3. Cuffquant to create cxb.(each BAM vs merged.gtf, get 12 abundance.cxb)
4. Cuffnorm with cxb and sample_sheet.
And got (TableA1)
I repeated step4, this time I treated replicates as individual samples.
And got (TableA2)

So now it seems cuffnorm re-arranged some of the columns, but FPKM values are the same.
Since this run was performed on a cluster where I had no root-rights, I used a pre-compiled version of cufflinks-2.2.0.
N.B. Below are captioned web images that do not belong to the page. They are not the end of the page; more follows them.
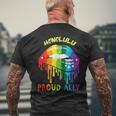 Honolulu Proud Ally Lgbtq Hawaii Pride Hi Sayings Mens Back Print T-shirt Gifts for Old Men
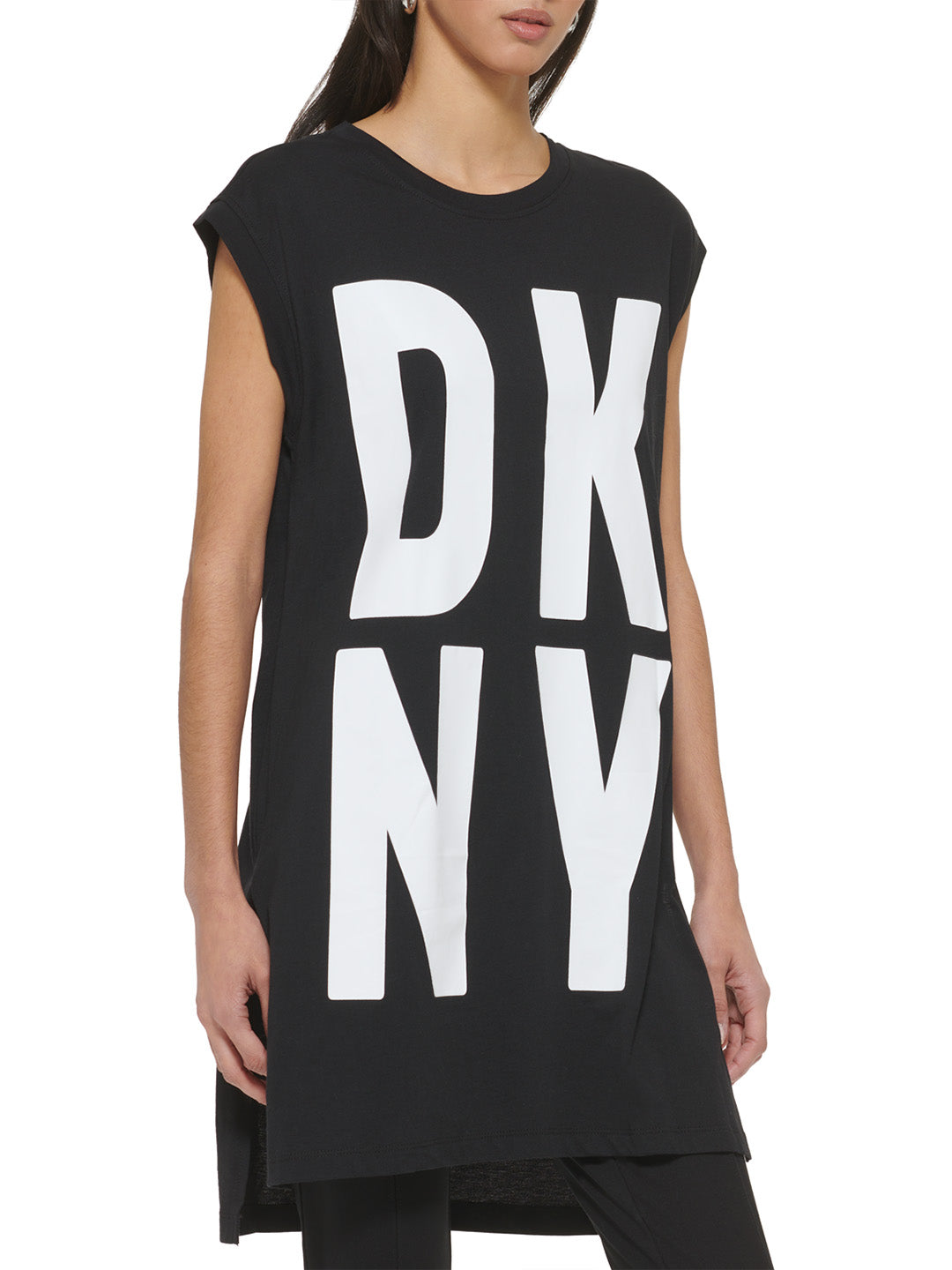DKNY Womens Black Logo Round Neck T-Shirt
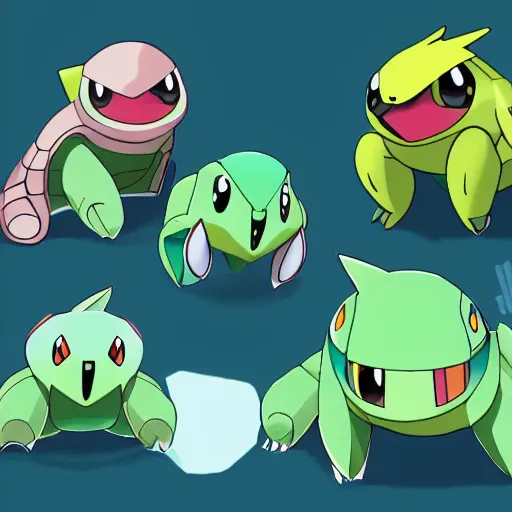 Image similar to illustration of an new pokemon inspired by an turtle, in pokemon artstyle, extremely coherent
I then moved to our local server(with root-rights) and built cufflinks-2.2.0 from source.
I used the same reference/cxb/merged.gtf files to rerun cuffnorm with the same parameters above. And got (TableB1) and (TableB2)

To simplify things, all the tables where produced using '$> head genes.fpkm_table'. I also uploaded the "samples.table" of each run.
Seems to me that Tables A2 and B2 agree with each other, but obviously something's wrong with Tables A1 and B2.

Another thing I noticed : The pre-compiled version goes with SVN revision 4223, but the one I built from source is SVN revision 4222.

I wonder if anyone else has run into this problem?